False comparison I'm afraid. Election polls are by definition acutely dynamic. What respondents plan to do today changes, often radically, from what they planned to do yesterday at the same time. The instant case is about the respondent's own GENERAL tilt/identification, which evolves at more of a glacial pace. So what you have here is apples and oranges. A poll on something as continuously changing as an election has an exponentially shorter shelf life. All polls, legitimate ones, may be created equal but their subjects absolutely are not.
As regards your example above, again a national poll can indicate what the whole thinks, but "the whole" is not how we elect Presidents. Four years prior "the whole" indicated that Clinton would get the most votes, and she did.

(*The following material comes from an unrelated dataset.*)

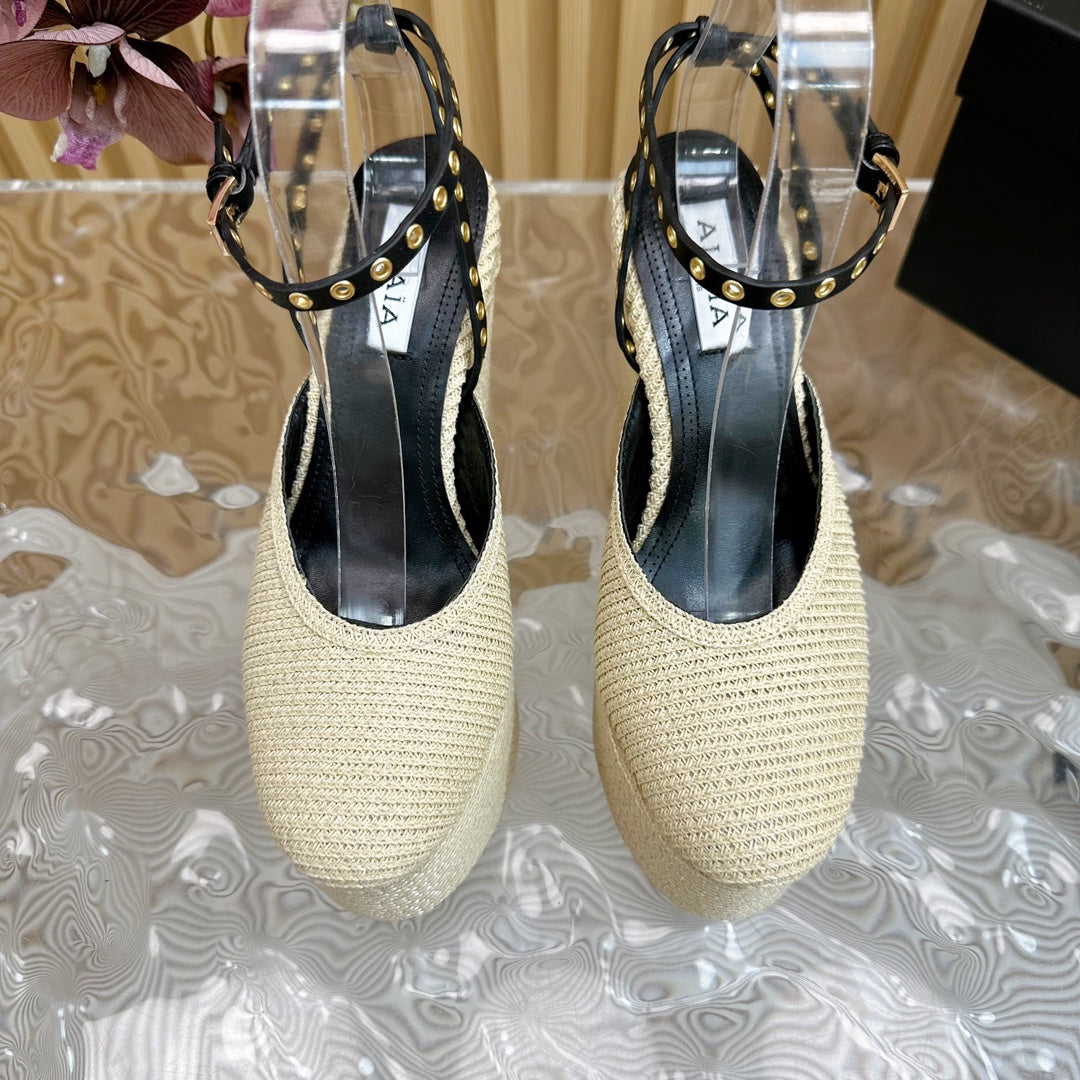 ALAIA LA WEDGE SANDALS IN WHITE PAPER STRAW - 35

I've heard a fan of the weather[wo]men make this argument, but IMO it's way bogus. Okay, so polls are allegedly a snapshot of the moment of the polling, unless (as is usual) their methodology STINKS, as do all the current political polls, because Republicans won't take part. But that is not what anyone wants or believes. People don't watch the Weather Channel to enjoy the infinite changes between Tuesday and Saturday in the forecasters' ha-ha "predictions." No one cares about that. What they want to know, and believe they are being told, is WILL IT RAIN ON THE WEEKEND. If they believed the weatherpeople were feeding them an ever-changing line of bull, they just wouldn't bother to tune in. But they badly want future-telling, and that is what they tell themselves they are getting.
Same deal with the political polls. Every single one of them may BE a (very badly taken) snapshot, but who cares? They just want to know that Hillary will win, 96% chance!! They just want to know that Britain is SURE to vote to "remain." And that's why all the silly polls we see day in and day out are read and promoted by some people who are eager to deceive themselves that these are future predictions. No one is interested in a moving dynamic, why would they be. The left likes all these petty political polls because nearly all pollsters are leftist and only leftists take them, so the results please the left and they are very willing to pay for these predictions with money or clicks or subscriptions. But we on the right don't participate, and we have learned not to believe these propaganda pieces. The left is still fooling itself.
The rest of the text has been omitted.